La légende du rouge gorge

Partager

Se moquer de l’infortune des autres n’est pas recommandé, c’est ce qu’a appris à ses dépens, le rouge-gorge (Aâz’ouane) d’après cette légende du terroir.

A l’époque où les animaux avaient le don de la parole, il fut un temps où les rouges-gorges (Iâz’ounène) s’étaient autoproclamés rois de la gente ailée, grâce à la taille gigantesque dont la nature les a dotés. Leur imposante stature inspire crainte et respect.

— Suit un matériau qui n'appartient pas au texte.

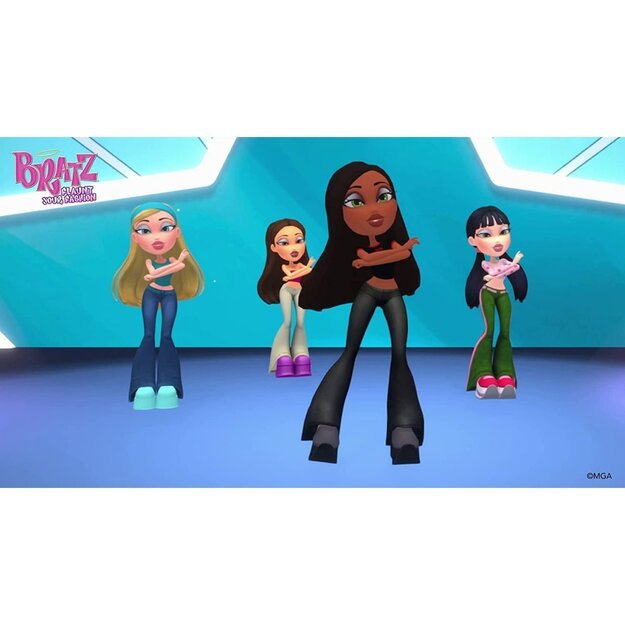 Bratz: Flaunt Your Fashion
      
        - PlayStation 5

Gare à celui qui ose les défier, il sera vite étripé.

Fort de ses appuis, le roi des rouges-gorges veut instaurer une discipline de fer pour tous ses sujets. A l’époque, les oiseaux construisaient leurs nids en toutes saisons. L’anarchie était totale et il fallait y remédier. C’est ainsi, qu’un jour, après avoir mûrement réfléchi, le roi des rouges-gorges, convoque tous les oiseaux de la création et leur dit ceci :- Seg assagi d’-assaoueneLaâ chouch nagh athmène venouD’i theg’resth matchi d’eg nevd’ou !

A compter de ce jour, je décrète que nos nids seront construits en hiver et non en été comme cela se faisait !). Celui qui a des réserves a émettre peut les faire maintenant devant moi et devant vous. Une fois l’assemblée levée, je ne permettrai à quiconque d’enfreindre ce qui a été décidé aujourd’hui !

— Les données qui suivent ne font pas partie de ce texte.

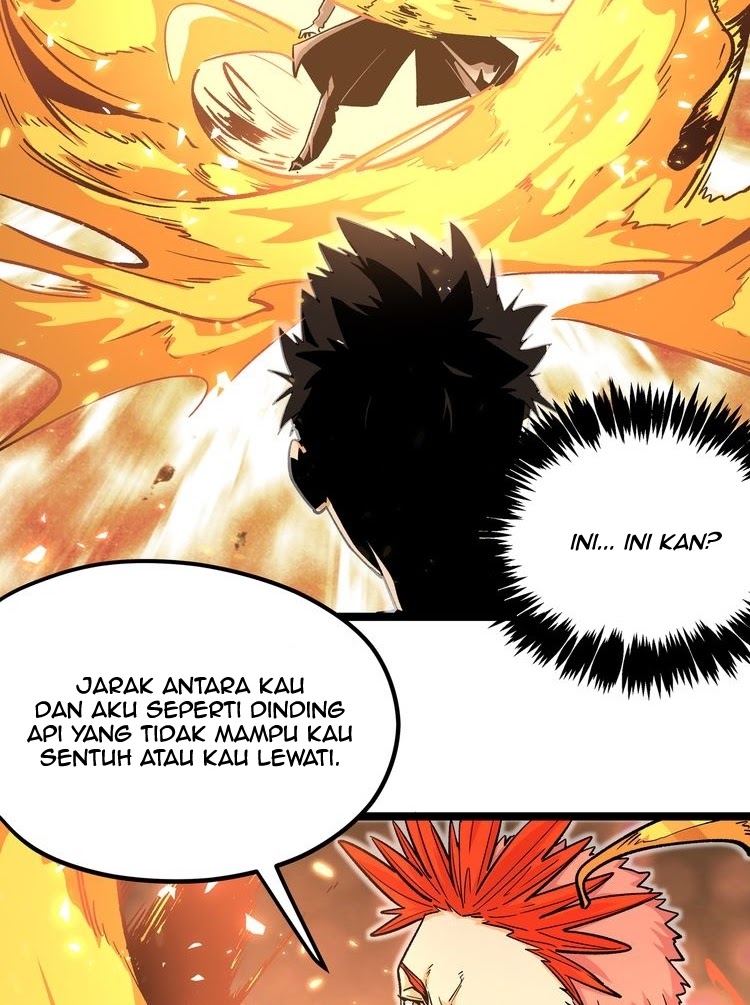 Halaman 42 dari Black Abyss at Dawn Chapter 3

« Certains chuchotent entre eux et se disent qu’en hiver il fait froid mais personne n’élève la voix pour contester quoi que ce soit. Pour donner l’exemple à tous ses sujets, le roi des rouges-gorges fait lui-même construire son nid, dans une grotte naturelle, se trouvant en haut d’une falaise de craie, à l’abri des intempéries. Ne voulant pas l’imiter, beaucoup d’oiseaux, par coquetterie, construisent leurs nids dans les arbres les buissons voire à même le sol, et pondent leurs œufs. Mais comme c’est l’hiver la pluie et la grêle se mettent de la partie.

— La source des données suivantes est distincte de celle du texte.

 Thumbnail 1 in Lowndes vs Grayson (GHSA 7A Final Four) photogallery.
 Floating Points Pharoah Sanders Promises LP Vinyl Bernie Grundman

Un jour, en pleine journée « Avrouri » (le grêle) se met à tomber. Les grêlons aussi gros que des œufs détruisent tous les nids. Les oiseaux impuissants, assistent médusés à la catastrophe provoquée par la grêle. Aucun nid ne fut épargné, les œufs cassés, certains oisillons morts-nés, les parents sont dépités et mortifiés.

De tous les nids, il n’y a que celui du roi rouge-gorges qui n’a pas subi de dégâts, car bien caché à l’intérieur de la grotte. Au lieu que le roi compatisse avec ses sujets pour le malheur qui les a frappés, il se met à rire à gorge déployée pour se moquer d’eux. Ne comprenant pas son attitude à leur égard, certains oiseaux vont le voir pour le prier de cesser de rire de leur malheur.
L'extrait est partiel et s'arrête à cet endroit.